If we have the given condition \[\left| x-1 \right|>5\], then:
A. \[x\in \left( -4,6 \right)\]
B. \[x\in \left[ -4,6 \right]\]
C. \[x\in \left( -\infty ,-4 \right)\cup \left( 6,\infty \right)\]
D. \[x\in \left( -\infty ,-4 \right)\cup \left[ 6,\infty \right)\]

Answer 1

Hint: We know that the modulus of any real number x, denoted by \[\left| x \right|\] is the non-negative value of x without considering its sign. So we will take two cases first for \[x\ge 1\] and the second case for x<1 and we will solve to find the values of x.

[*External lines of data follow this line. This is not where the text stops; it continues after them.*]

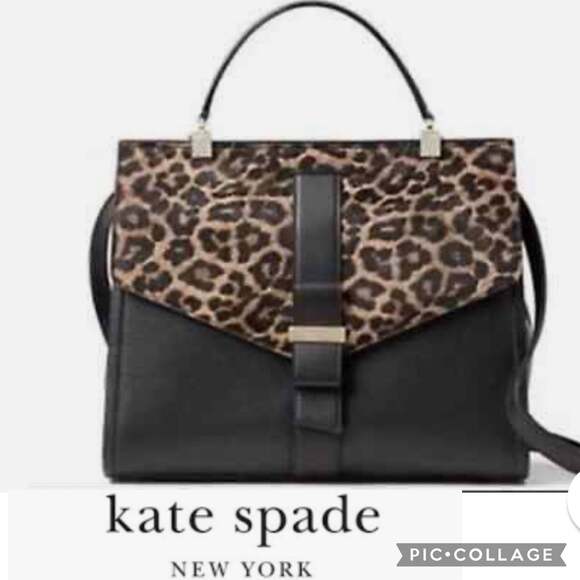 Kate Spade Rosaline Handbag Black pebble leather with animal print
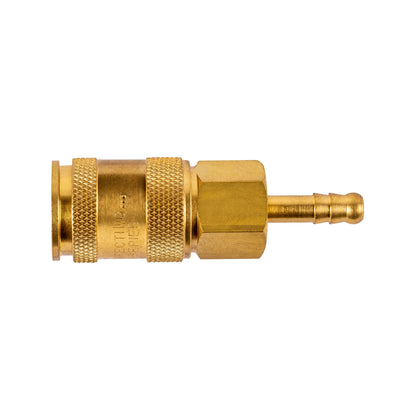 1/4" Quick Disconnect Universal Brass Coupler - 1/4" Hose Barb (C14U14B)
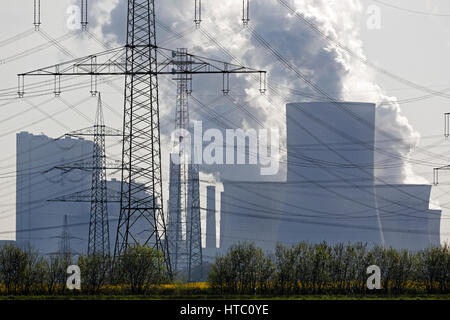 Lignite-fire-station Neurath, RWE-Power Energy company brown coal power station, Grevenbroich, North Rhine-Westphalia, Germany Europe Stock Photo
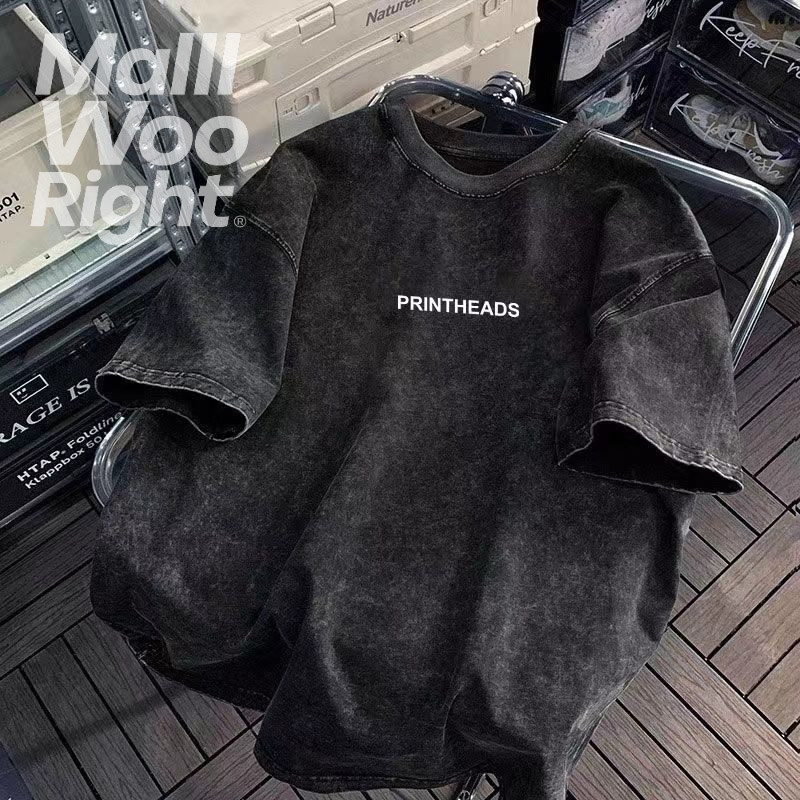 （จัดส่งตลอด 24 ชั่วโมง）Woo Right เสื้อยืดฟอก oversize ผ้าฝ้าย 100% โอเวอร์ไซซ์ สีดําเข้ม สไตล์ฮิปฮอป เรโทร HY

Complete step-by-step answer:
We have been given\[\left| x-1 \right|>5\]
Now we will take the first case for \[x\ge 1\].
\[\Rightarrow x\ge 5\]
Since for \[x\ge 1\], the (x-1) is always positive so it will open with a positive sign.
\[\begin{align}
  & \Rightarrow x>5+1 \\
 & \Rightarrow x>6 \\
 & \Rightarrow x\in \left( 6,\infty \right) \\
\end{align}\]
Again, we have the second case for x<1.
\[\Rightarrow -\left( x-1 \right)>5\]
Since for x<1, the (x-1) is always negative, so it will open with a negative sign.
\[\Rightarrow -x+1>5\]
Adding ‘x’ to both the sides of the equality, we get as follows:
\[\begin{align}
  & \Rightarrow -x+1+x>5+x \\
 & \Rightarrow 1>5+x \\
\end{align}\]
Subtracting ‘5’ from both the sides of the equation, we get as follows:
\[\begin{align}
  & \Rightarrow 1-5>5+x-5 \\
 & \Rightarrow -4>x \\
 & \Rightarrow x\in \left( -\infty ,-4 \right) \\
\end{align}\]
Now the complete solution for the given inequality is union of both the cases.
Hence, \[x\in \left( -\infty ,-4 \right)\cup \left( 6,\infty \right)\].
Therefore, the correct answer of the given question is option C.

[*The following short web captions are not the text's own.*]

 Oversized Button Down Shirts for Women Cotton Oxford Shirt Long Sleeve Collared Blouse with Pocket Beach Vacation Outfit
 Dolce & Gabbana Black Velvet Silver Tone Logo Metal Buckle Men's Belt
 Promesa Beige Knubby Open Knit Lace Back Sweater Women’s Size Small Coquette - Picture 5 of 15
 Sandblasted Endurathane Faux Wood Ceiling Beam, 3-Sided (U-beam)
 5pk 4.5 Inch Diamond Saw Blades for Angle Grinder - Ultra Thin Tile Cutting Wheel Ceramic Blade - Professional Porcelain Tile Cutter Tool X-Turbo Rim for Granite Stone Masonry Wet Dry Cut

Note: Be careful while solving the inequality and also take care of the sign while adding or subtracting something to both sides of inequality during calculation. Also, choose the option very carefully as the option C and option D look similar but there is a slight difference between them. We have to take as many possible cases to solve the inequality of the modulus as the number of values obtained by equating the expression inside the modulus equals to zero.